Delayed investigative pay dirt
It is a shame that Reed passed away just a few months before Mark Felt publicly admitted that he was the mysterious “Deep Throat,” the source on Watergate for Woodward and Bernstein and a few other reporters.
Thus, a number of questions that Irvine raised and for which he criticized the media now begin to add up. Those mysteries were explored in a recent book, Leak: Why Mark Felt became Deep Throat.
That volume pokes holes in the Watergate saga as related by Bob Woodward and Carl Bernstein in their book All the President’s Men, and the subsequent movie of the same name where the distortions in the original book were carried over and in fact expanded. By the time the story reached that point, the telling of Watergate mixed accurate information with half-truths, distortions, and outright misstatements of fact. Let it be remembered, after all, that Hollywood is not concerned with serious news. It’s about entertainment and “Hooray for Hollywood.” That may be a reason for the dereliction. It hardly rates as an excuse for sloppy reportage of a non-fictitious event.
Max Holland, the author of Leak, criticizes “Woodstein,” among other things, for defining Felt as a “truth-teller.”A truth-teller? Really? I stopped counting all the lies that man told as revealed just in the book by Holland. Nor did Woodward and Bernstein honor the truth when they described their sources as responsible people with no ax to grind.
Forget that “truth-teller” Felt denied over and over again that he was “Deep Throat.” The lowest of the low of his skullduggery was that his motivations had nothing to do with good “truth-telling” citizenship. This whole can of worms that stirred the political pot in the early seventies occurred because Mark Felt was miffed. Why the hissy-fit? All because Felt – at that time Assistant FBI Director – was angry that President Nixon had passed him over for FBI Director to replace J. Edgar Hoover, who had recently died.
In the process, Felt undermined his own FBI agents in the field who were investigating the scandal.
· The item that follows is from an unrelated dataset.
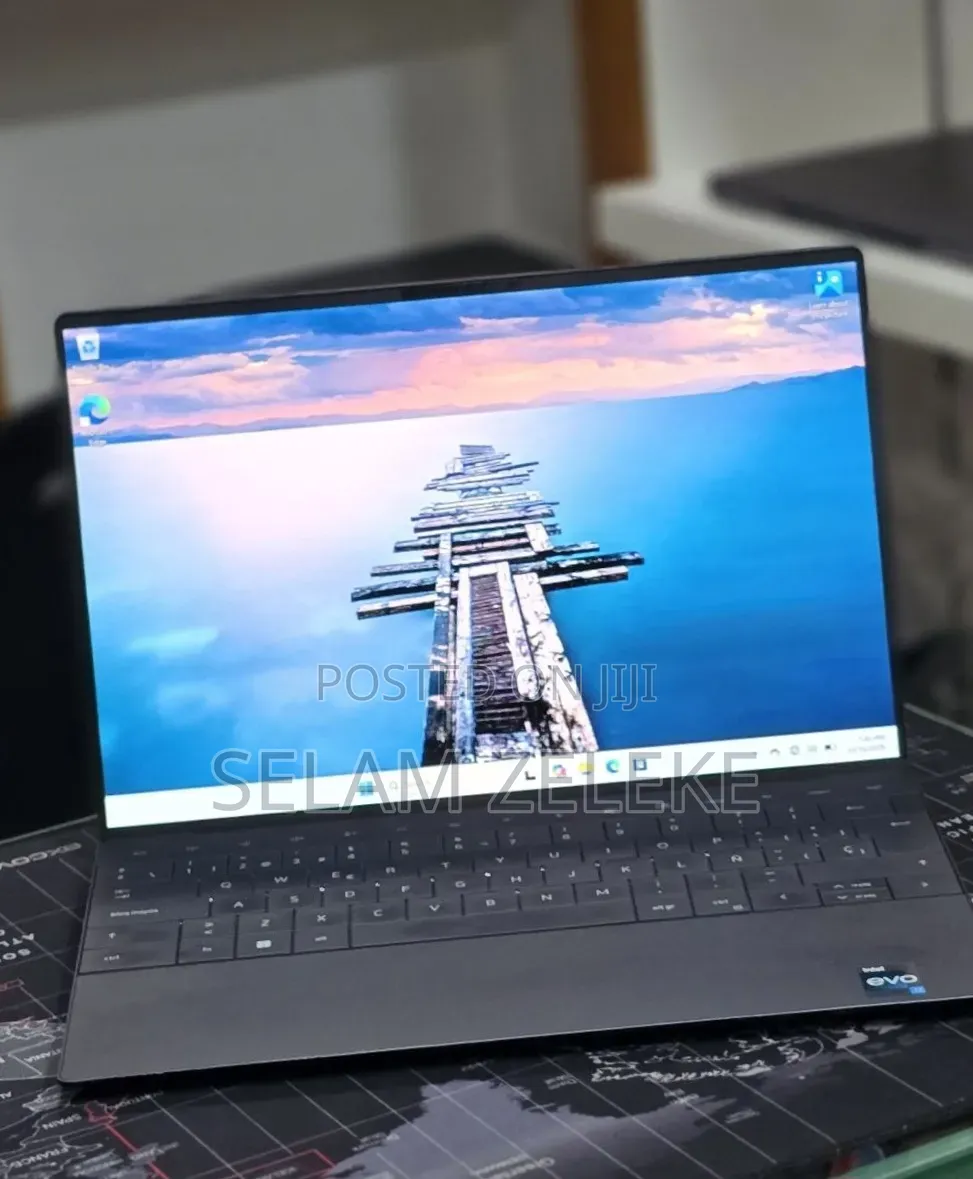 New Laptop Dell 16GB Intel Core i7 SSD 512GB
Like a cheating student peering over another student’s shoulder during an exam, Felt was cribbing notes from his trusting underlings and passing them on to “Woodstein.”
The agents were furious because it no doubt cost them sources who no longer trusted them since the incomplete probe was splashed all over the media. Secondly, Felt stabbed in the back an honorable man – Patrick Gray, who was FBI Director pending his confirmation, which later went down in flames after it appeared he was incapable of controlling his own agents.
Felt also saw to it that Gray was blamed for black bag jobs that Felt himself had authorized. As he had done with Hoover, Felt had obsequiously brown-nosed up to Gray, hoping that after the latter’s nomination went down in flames, he would – on his way out the door – recommend his “trusted aide” Mark Felt for the job. (I’ve searched the dictionary and find no indication that “trusted aide” is a synonym for “snake.”)
Incidentally (or not), when Felt was before a court to answer for those black bag jobs, his fellow agents raised money for his defense. No doubt, if they had only known the truth, they would have wanted their money back.
In the end
So decades after the fact, we know that Reed Irvine’s attempts to point out to the dinosaur media the gaps in their Watergate reportage were well-founded. Instead of following up on them, the media mavens whined that Reed was “harassing” them.
Here we had this burgeoning new organization pointing out the gaps for which self-respecting reporters would want answers. Instead, icons of some of the largest news organizations on the planet played the “pitiful picked-on” act, telling this self-starting citizen (in so many words), “Get away from us! You’re picking on us, you big bully!”
Today, Reed would have to be smiling from on high as he sees serious national TV reporters such as Fox’s Catherine Herridge, who is doing her job and showing up the “see-no-evil” dinosaurs.
Wes Vernon is a Washington-based writer & broadcast journalist.